I'm glad that I'm not a big one for New Year's Resolutions because my home has been filled with biscotti, cake and left over rumballs since christmas. Infact there are still a few of the delicious (and super rich) gluten free rum balls that my Mum made me for christmas calling to me..... so, I'm thankfull that I didn't decide to detox/diet/pass on all sugary goods this month as it just wasn't going to happen!
Now, that isn't to say that I haven't been eating healthily or slothing on the couch, because I have got my butt out of bed early to hit the gym and pound the pavement around my local park with a friend this month and I will continue my exercise regime...
... however, when my man calls me up after a long ride (mountain biking) asking if maybe G & K can come over for an impromptu lunch in an hour I immediately say yes! Why? Well, see, my lovely man got me a bundt tin for Christmas and I've been dying to try it out!
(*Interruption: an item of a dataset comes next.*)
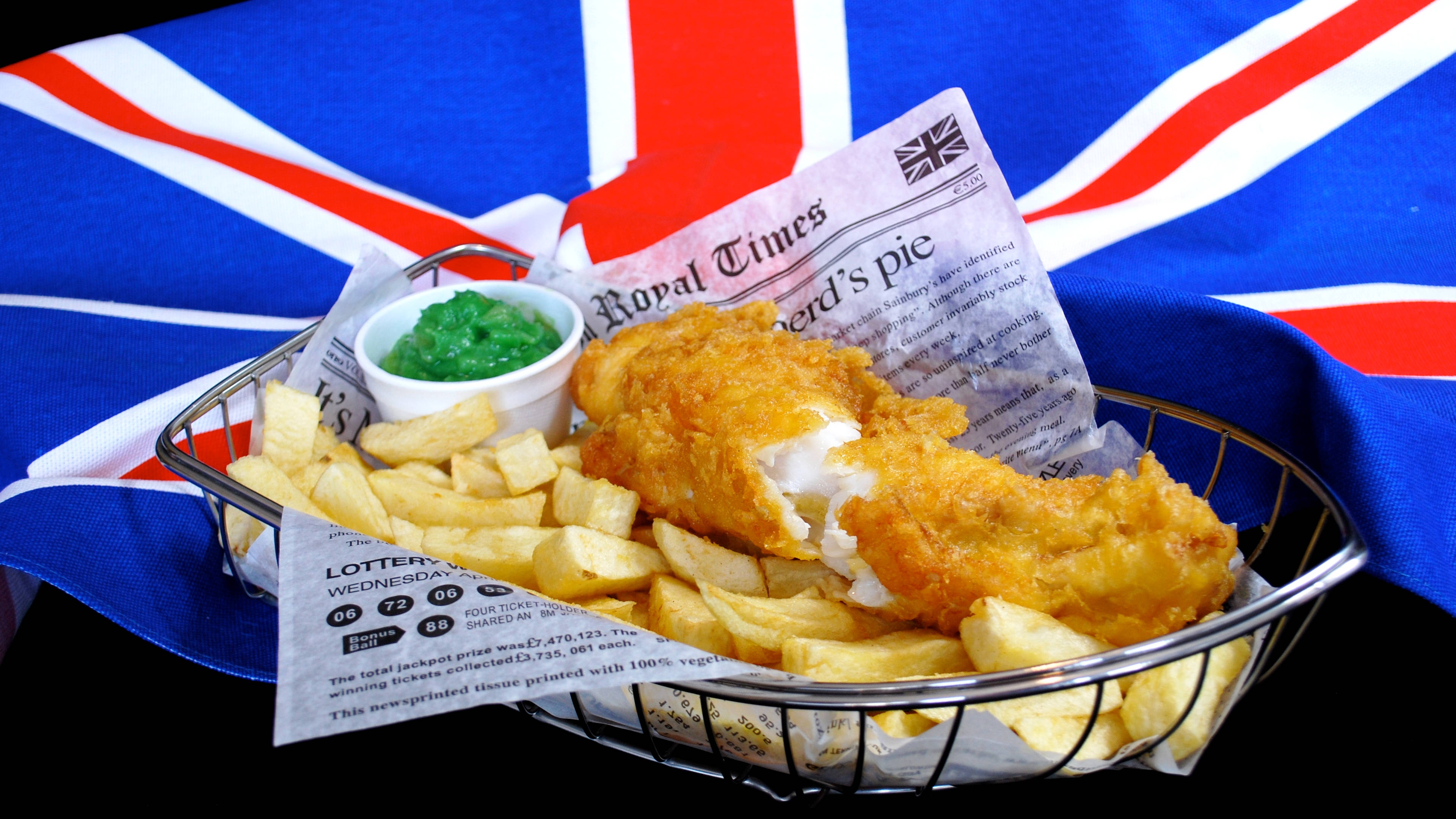 England Flag 桌布 壁紙 — 脆皮炸魚薯條放在鐵絲籃中，置於報紙上，背景為英國國旗。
In fact it was Mary, The Food Librarian, who got me so hooked on 'needing' one of these bad boys in my kitchen, really this girl is mad over bundt cakes!So, if ever my man was to blame someone else for convincing me to need 'yet another baking pan' I'm pointing him in the direction of the lovely Mary (in the nicest, loveliest, I'll end up with cake at the end of this, kinda way!)
Before we get to the delicious gluten free bundt cake though, might I share with you the scrumptious quiche I made for our impromptu lunch...
Looks good doesn't it? Well, it was! It was crispy and creamy in all the right ways and the recipe will be shared as soon as I have the gluten free pastry down pat (this recipe was super crumbly and unroll-able - it came down to 'squash it in the pan time' after the 5th broken roll out!) promise!
Now.... for that lovely, moist, perfect with a scoop of vanilla ice cream gluten free bundt cake....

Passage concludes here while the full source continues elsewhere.